The basement of 17 Sandyford Place
This is not fiction; this all happened—on a Monday evening, July 7, 1862.
Later that evening the police asked Mr Fleming if anything more was missing than the clothes from the chest downstairs. He had not thought of looking and would hardly know, for he was not sure what had been taken to the summer residence at Dunoon. They went into the dining-room—that room where, at four o’clock on the Saturday morning, the three merry wedding guests had seen the gasolier alight—and there found the sideboard standing open. The day-to-day silver spoons and forks were gone: all that remained was a single silver teaspoon which was found in a cup on a shelf in the kitchen. The silver teapot and stand and the silver cream jug were still in the sideboard (there were two other silver tea services in the house), and so were the glass bottles from the cruet which lay tumbled under the table in the murdered woman’s room below.

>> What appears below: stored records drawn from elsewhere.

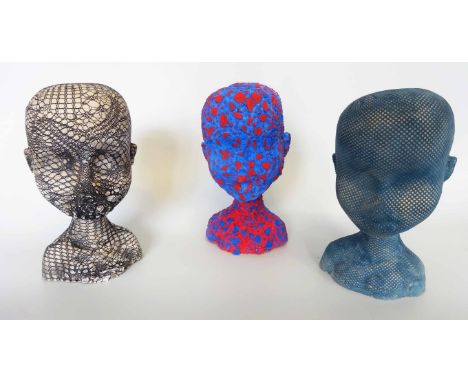 GRAINNE McHUGH (Irish b.1982) 'Mistaken 1, 2 &amp; 3', a set of three ceramic busts, underglazed stoneware, signed, 22cm x 12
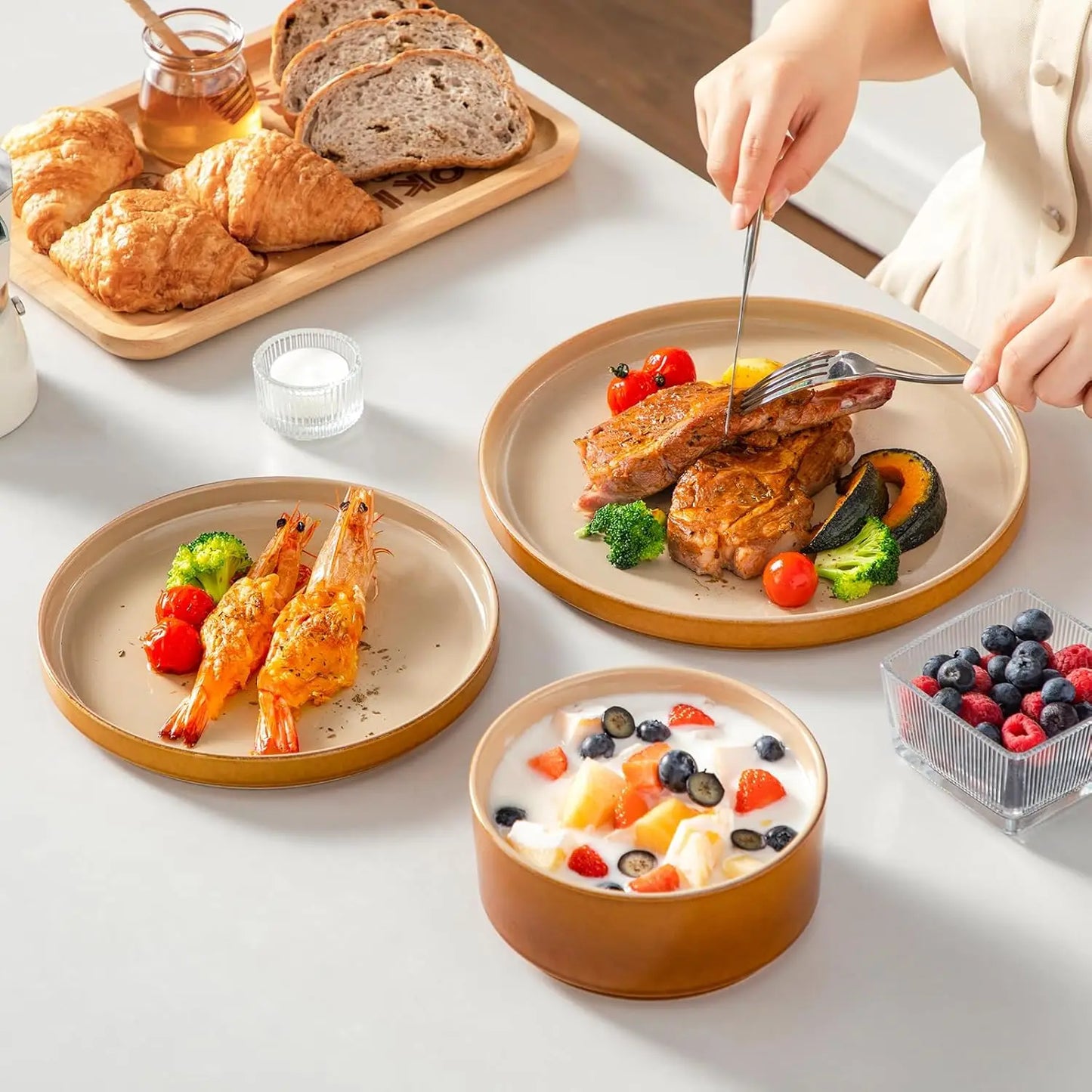24-Piece Ceramic Dinnerware Set – Service for 8 | Reactive Glaze Plates & Bowls – Brown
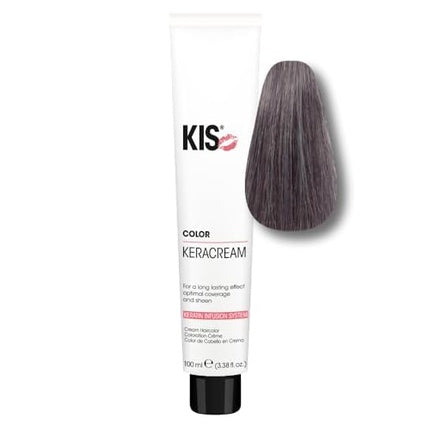 KIS KeraCream Color Permanent Hair Color Cream 100ml Graphite High Coverage Intensive Hair Color Keratin Infusion Animal-Friendly & Sustainable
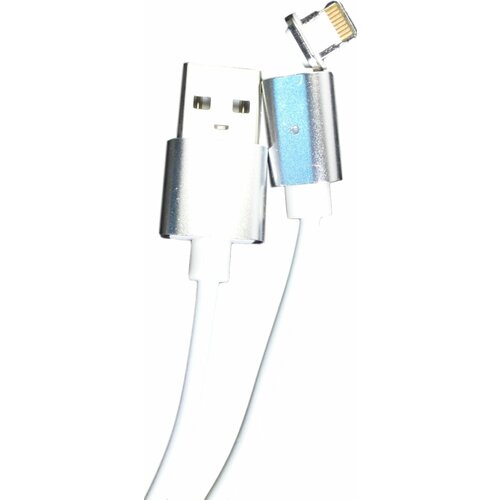 USB Кабель для Apple/iPhone Oino магнитный Белый (упаковка пакетик) usb кабель для apple iphone oino m94 магнитный золоченые контакты 2 4a 2 м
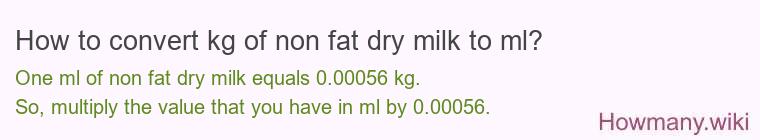 How to convert kg of non fat dry milk to ml?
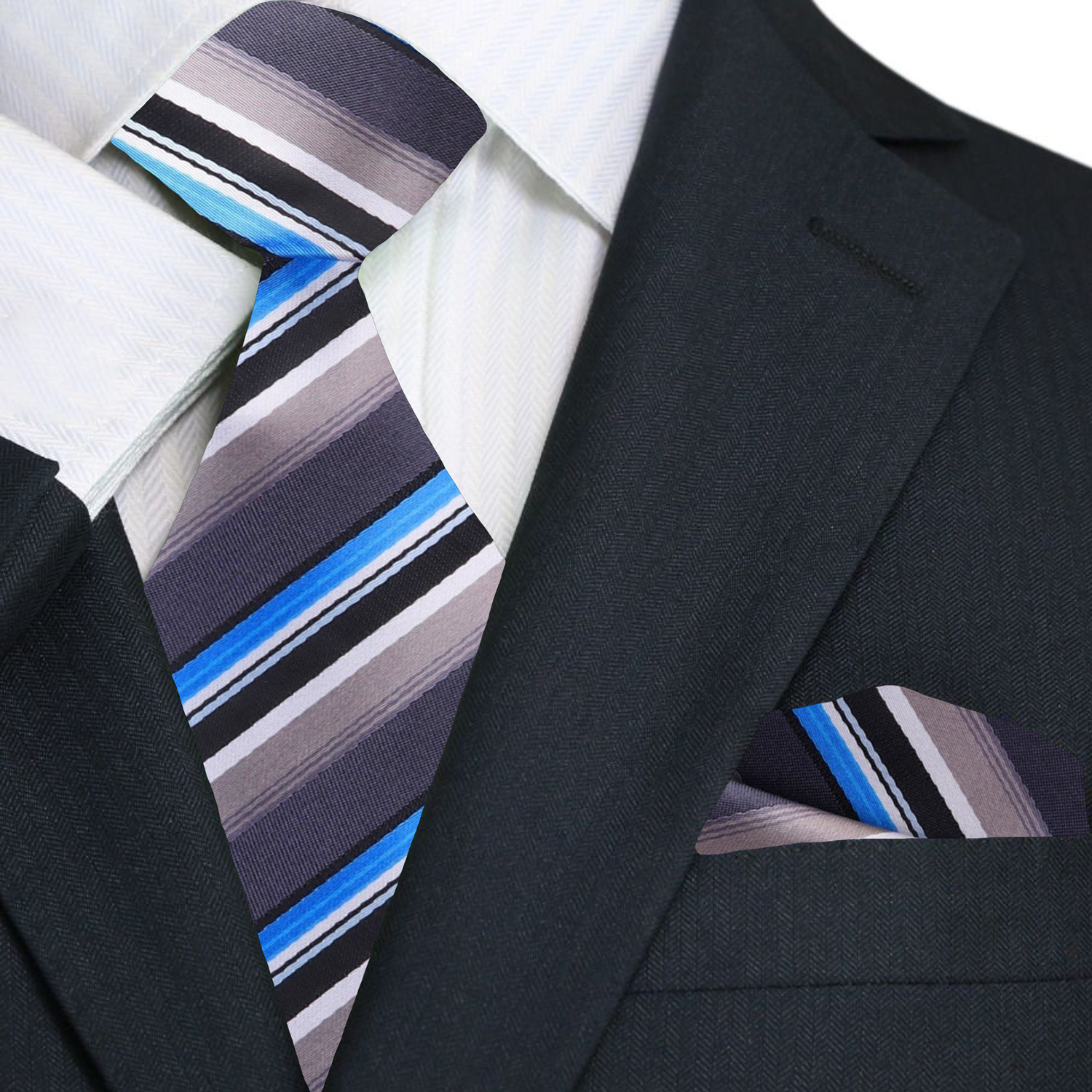 Close-up of the silver striped silk necktie showcasing its elegant pattern.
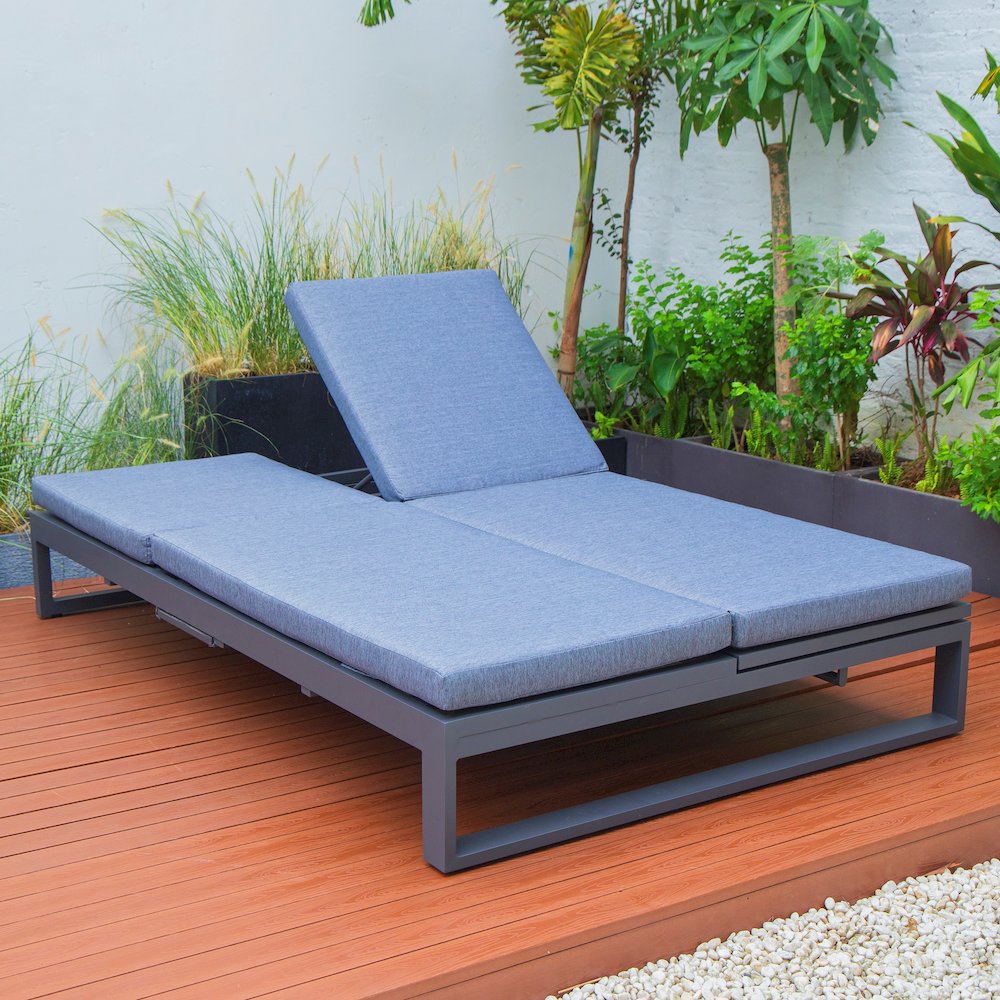Chelsea Convertible Lounge Reclining Double Chaise With Cushions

Mr Fleming indicated the tea-set. ‘They might have gotten away with that,’ he said, ‘if they had been wanting plunder,’ and the detectives agreed that ‘an old thief, an accustomed thief, would have taken away more than was taken. One not practised in thieving might leave something behind.’ On the other hand, to have left a plated thing like the empty cruet-stand seemed to Police Officer Jeffrey like the trick of an old thief, and altogether the whole thing was a mystery that they could not see the bottom of. He had not, he candidly admitted at the trial, seen the bottom of it even yet.
However, certain articles, both silver and silver plated, were missing after all: six silver toddy ladles, a silver fish slice, a silver soup divider, a plated sauce spoon … Etcetera, etcetera; the full list lay already in the keeping of Mr Lundie’s pawn. Two days earlier ‘Mrs M’Donald’ had raised six pounds fifteen on it.
Jessie M’Lachlan’s route to and from the spirit shop.
So the night dragged on. Under the yellow-blue light of the gas lamps or holding their candles close, the doctors and policemen crouched over the dead body or padded with probing fingers and eager eyes about the house. Police Officer Campbell had got hold of a little bit of stick and was measuring the bloody footprints on the bedroom floor. He compared their length by putting his bit of stick against the soles of the dead woman’s feet. The stick was quite appreciably shorter. So the footprints had not been made by Jess M’Pherson, but he thought they were those of a woman.
In the early hours of the morning Mr Fleming took his father and son with him and sought refuge elsewhere, turning over his home to the authorities. One by one the doctors and policemen packed away their instruments and snapped shut their notebooks and crawled home to take a few hours’ rest before it all began again next day. A uniformed man or two left in charge of the closed and shuttered house, dawn breaking and the birds beginning to sing in the trees along Sauchiehall Street.
And alone in her bedroom, lying there half naked, with her secrets still held close in her wounded hands, poor Jess M’Pherson lay as she had lain for three full days and three full nights, and would lie at least two days more till they had done with her.